Abrieron la puerta del habitáculo y sólo encontraron unos cuantos muebles desvencijados y una cantidad de polvo que haría estornudar a un minero.
SAM
No estaba allí. Respiró profundamente. Miró a su padre "Quizás este no es el sitio, quizás, lo llevaron a otro lugar", no respondió. Salió de la casucha tratando de no agobiarse, de autoconvencerse de que aquello no significaba que Miguel…
Volvieron al coche, pero no pudo subir, no podía volver a ponerlo en marcha con el temblor que tenían sus manos. Su padre parecía entenderle, simplemente le apretó el hombro "Voy a echar un vistazo a los alrededores antes de irnos, ¿de acuerdo?". Accedió sin decir palabra, agradecido. En cuanto se perdió de su vista no pudo aguantar más los sollozos que quemaban en su garganta.

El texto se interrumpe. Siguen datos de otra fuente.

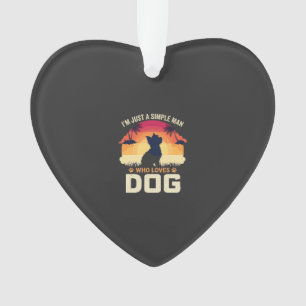 Simple Man Who Loves Dog Silhouette Sunset Palm Tr Ornament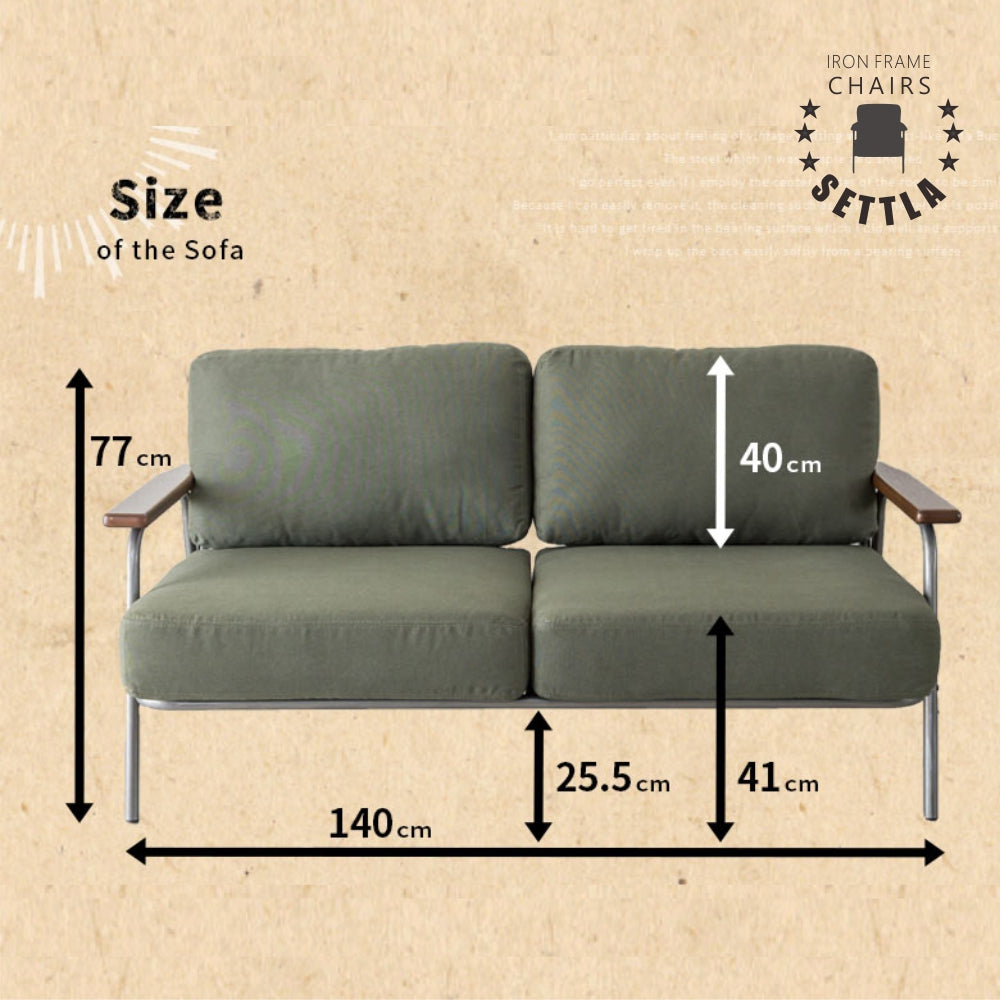 SETTLA IRON FRAME 2P SOFA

Se derrumbó. No había sabido proteger a Dean, ni siquiera un par de días, su hermano lo había cuidado toda su vida, siempre lo había protegido, incluso siendo sólo un niño. Y él no había sido capaz de cuidarlo. "Soy un inútil" musitó ahogado en llanto.
- ¿Estás bien? ¿Qué te pasa? – le preguntó alguien con la boca llena
- ¿Dónde mierda voy a buscarte Dean?
- Come algo que no se piensa bien con el estómago vacío – le respondió el pecoso ofreciéndole media hamburguesa
Se encontró con esa mirada preocupada y solícita que siempre había encontrado incluso tras las broncas más duras. Abrazó al chico con fuerza, sabía que fuera como fuera que hubiese logrado escapar, debían irse lo más rápido posible, pero necesitaba ese abrazo.
- Acabo de perder la esperanza de que cuando crezcas dejes de ser una niñita – gruñó el chico medio estrangulado.